Application and platform errors in GovCloud environment
Incident Report for cloud.gov
Postmortem

What Happened

We scheduled a maintenance window for updating the component we use for orchestrating and automating deployments of the rest of cloud.gov (BOSH). In addition to deploying other parts of the platform, this orchestration component also supplies domain name resolution (DNS) services so that the other components of the platform can contact each other without knowing their exact location (IP Address) within the larger system, including the internet. Ordinarily we do not expect that updating the orchestrator would cause problems in the availability of customer applications.

This time, the orchestrator was offline for a longer period than usual. Systems that depend on DNS have some caching mechanisms built in, but the orchestrator was unavailable for longer than the caching period. The system could not look up other names, including customer application names, until the orchestrator upgrade had completed.
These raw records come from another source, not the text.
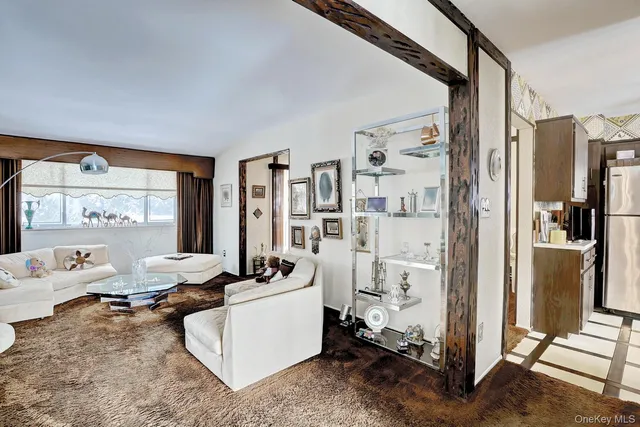 $899,000 | 4 Crabapple Court, Monsey, NY 10952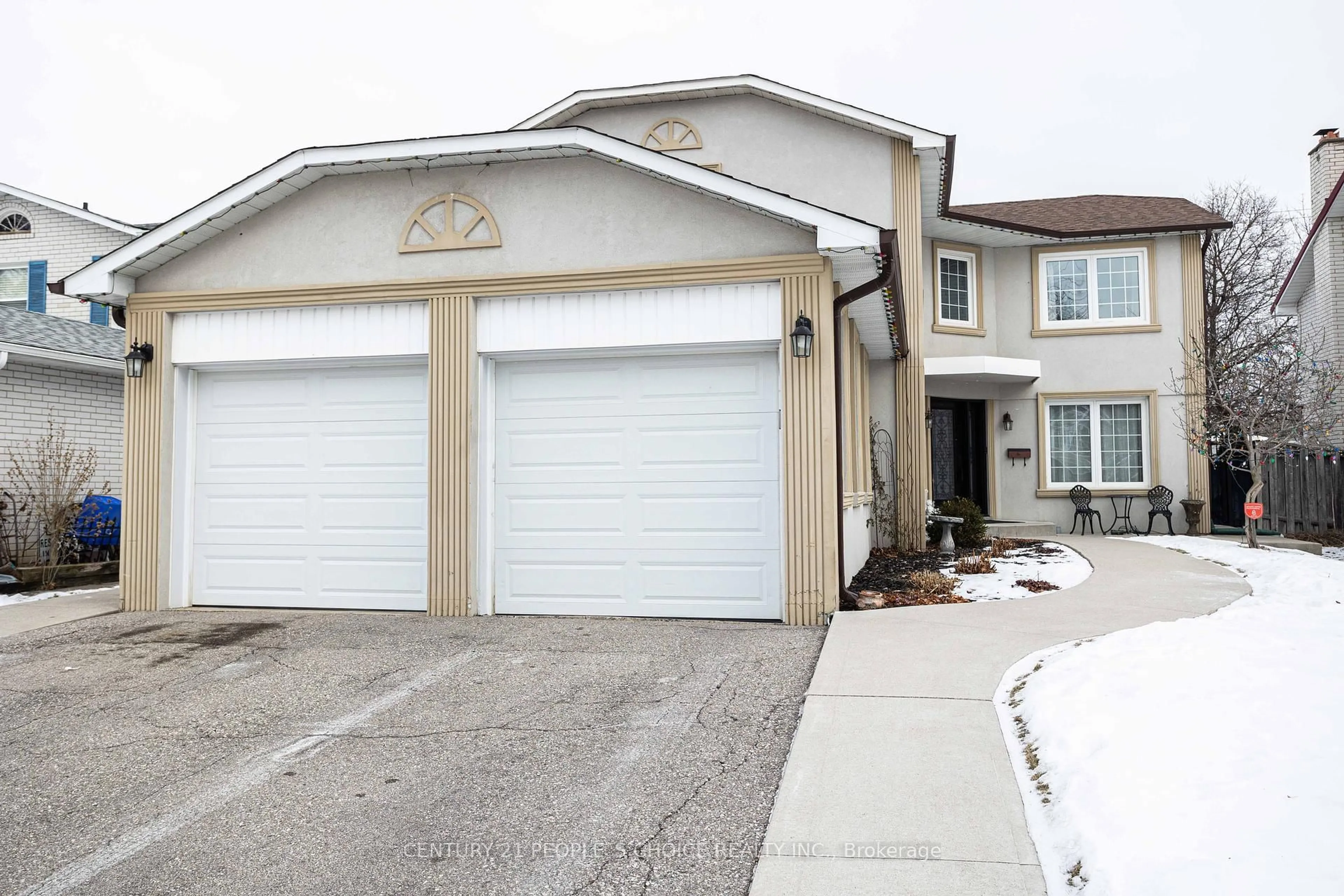 Unknown for 32 Madrid Cres, Brampton Ontario L6S 2X4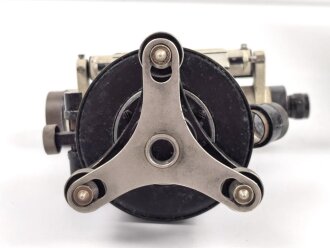 Nivelliergerät von Carl Zeiss Jena. Meiner Meinung nach zivile Ausführung. Bei der Durchsicht ist nur ein Fadenkreuz erkennbar. Im Transportkasten samt diversem Zubehör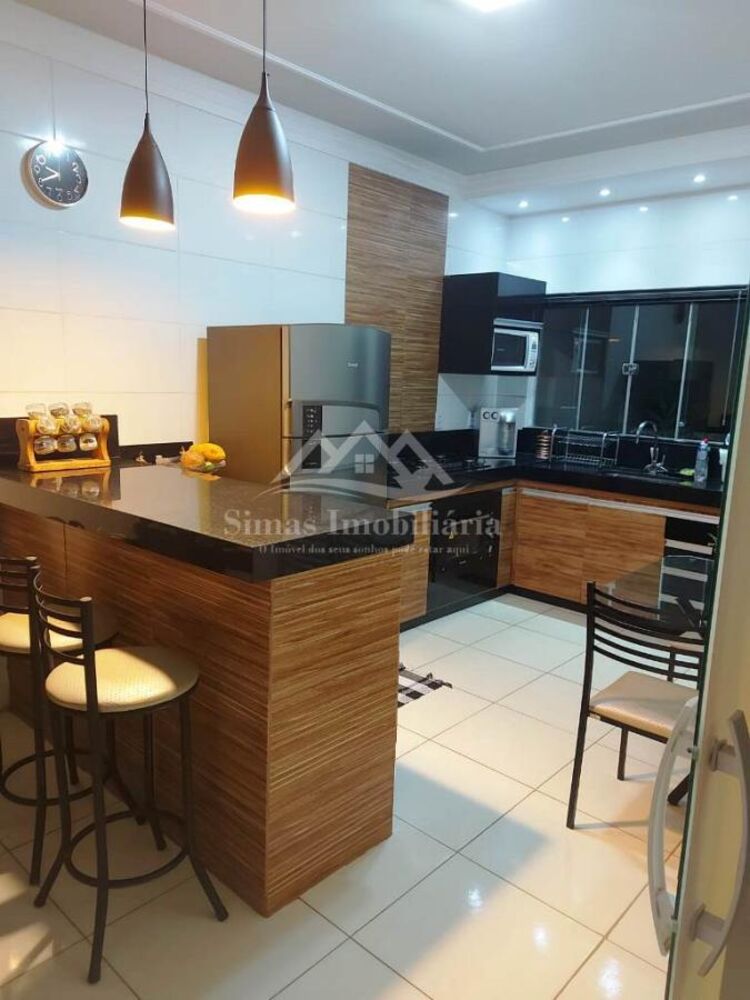 Casa, 4 quartos, 337 m² - Foto 1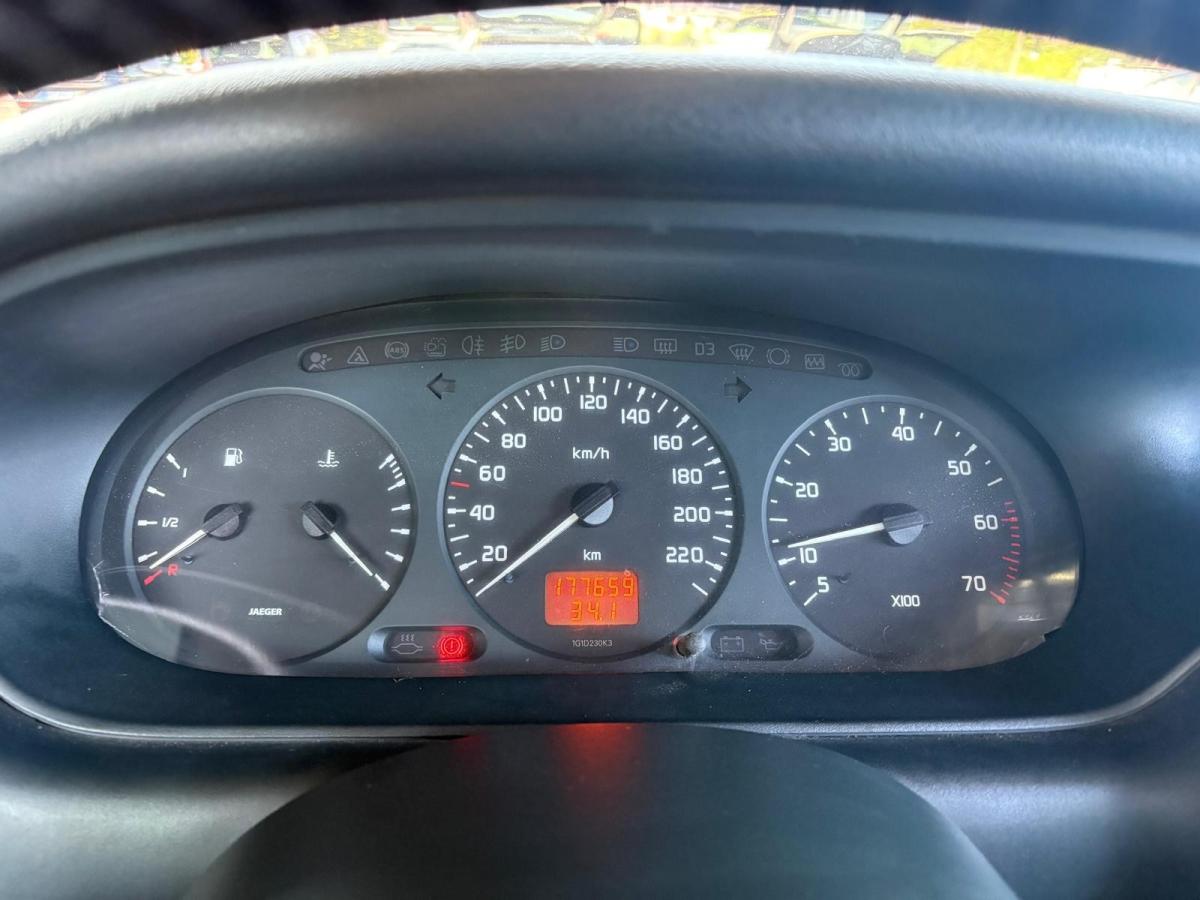 renault-megane-1998-gasolina-1390cc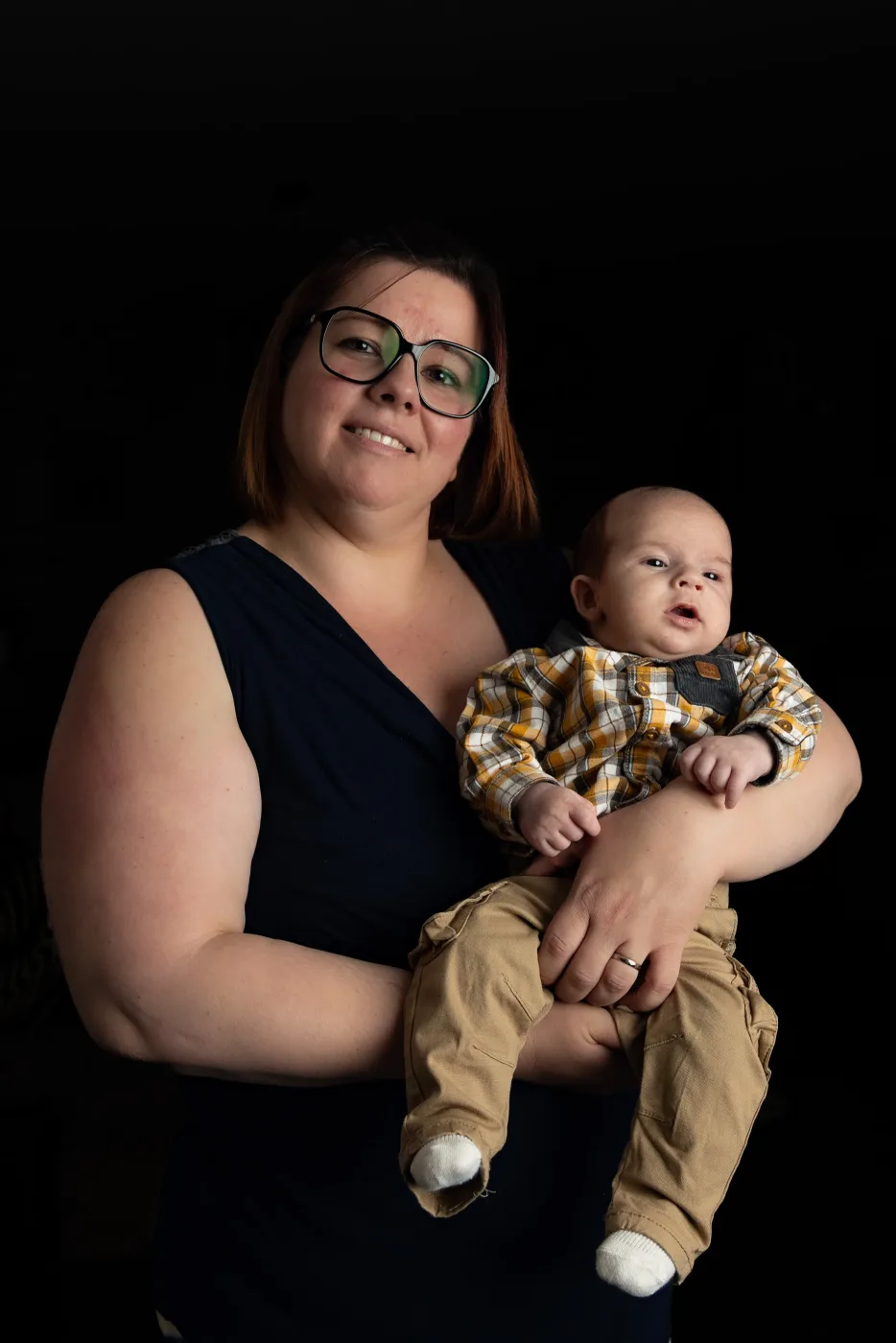 Portrait mère et nouveau-né en studio - Julien Elasri Nancy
This caused customer applications to be unavailable during the upgrade.

What we're doing

We've verified that there is only a single component that is relying on the orchestrator for DNS. We will be phasing out the use of names for contacting this component and instead use its IP Address, so we can also phase out this dependence on our orchestrator for DNS. This will allow use to use a more highly-available DNS system for all components of the platform.
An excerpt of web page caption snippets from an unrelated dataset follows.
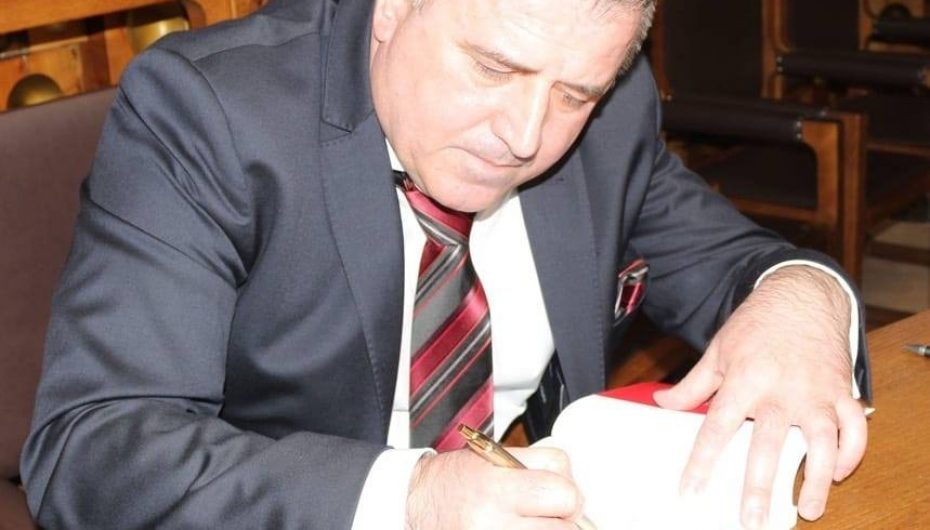 Mërgim Osmani, rrëfen si u arratis nga sistemi barbar dhe ngjitjen si shkrimtar në Vjenë pasi humbi dëgjimin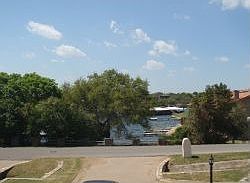 2nd image of 4326 Crescent Dr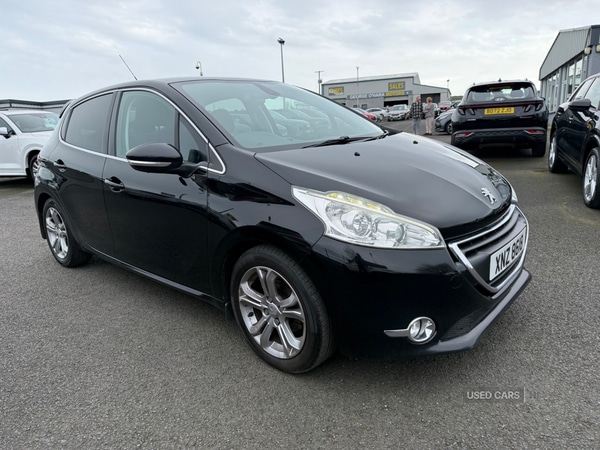 Used Peugeot 208 2015 for sale - 77978569: Photo 2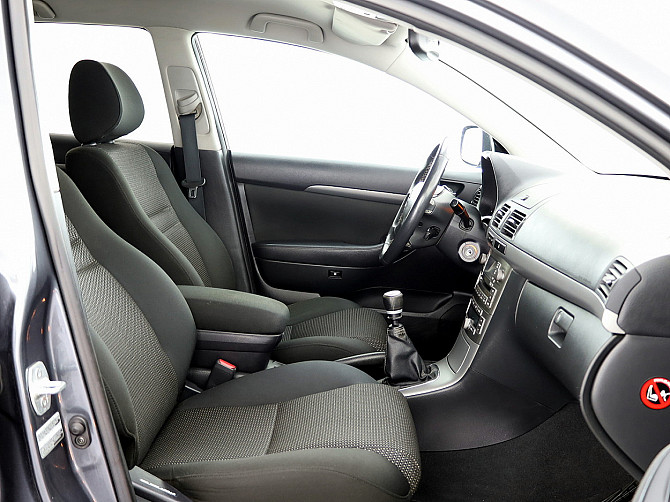 Toyota Avensis Linea Sol Facelift 2.2 D-CAT 130kW Таллин - изображение 6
Posted Mar 14, 2017 - 15:07 EDT

Resolved
We've identified a previously undocumented dependency between components of cloud.gov which was causing unexpected outages when certain key dependencies were updated. We will be making both a short-term change to stop this from happening again, and a longer-term change which will remove the need for these components to talk to each other.
Posted Mar 14, 2017 - 00:29 EDT
Identified
As of 10:16 am ET, Applications that were previously down now seem to be available in a stable way (if you have a CDN, it may take a few minutes or refreshes to clear the cached error). We have identified this as likely a platform component deployment issue, and we’re continuing to monitor and analyze the platform until we’re confident that this will not re-occur.
Posted Feb 28, 2017 - 10:42 EST
Investigating
As of 10:02 am ET, some applications in the GovCloud environment are down and reporting errors (such as “Requested route does not exist”), and connecting to the platform is returning errors such as “Please ask your Cloud Foundry Operator to check the platform configuration” We are investigating this problem and we will provide updates as we identify it and resolve it.
Posted Feb 28, 2017 - 10:06 EST
Update
Maintenance has been completed. We are continuing to monitor the platform to ensure the incident has been fully resolved.
Posted Feb 25, 2017 - 04:48 EST
Update
Update: We’re currently doing maintenance in the GovCloud environment. During this maintenance period, you should not push updates to apps or restart them, because the deploy may return errors and fail, causing an outage for your application with no way to restart it until the maintenance is complete. This work should be complete within a few hours, and we’ll post an update when finished. Hopefully this is outside of work hours for you, but we do apologize for the unscheduled maintenance.
Posted Feb 24, 2017 - 21:58 EST
Monitoring
Apps continue to be available consistently. We are reproducing the problem in another environment to confirm our hypothesis of the root cause.
Posted Feb 24, 2017 - 13:51 EST
Identified
Applications that were previously down have been intermittently available for about 20 minutes and now seem to be available in a stable way (if you have a CDN, it may take a few minutes or refreshes to clear the cached error). We have identified this as likely a platform component deployment issue, and we’re continuing to monitor and analyze the platform until we’re confident that this will not re-occur.
Posted Feb 24, 2017 - 13:42 EST
Investigating
As of 12:40 pm ET, some applications in the GovCloud environment are down and reporting errors (such as “Requested route does not exist”), and connecting to the platform is returning errors such as “Please ask your Cloud Foundry Operator to check the platform configuration” We are investigating this problem with all hands on deck, and we will provide updates as we identify it and resolve it.
Posted Feb 24, 2017 - 13:15 EST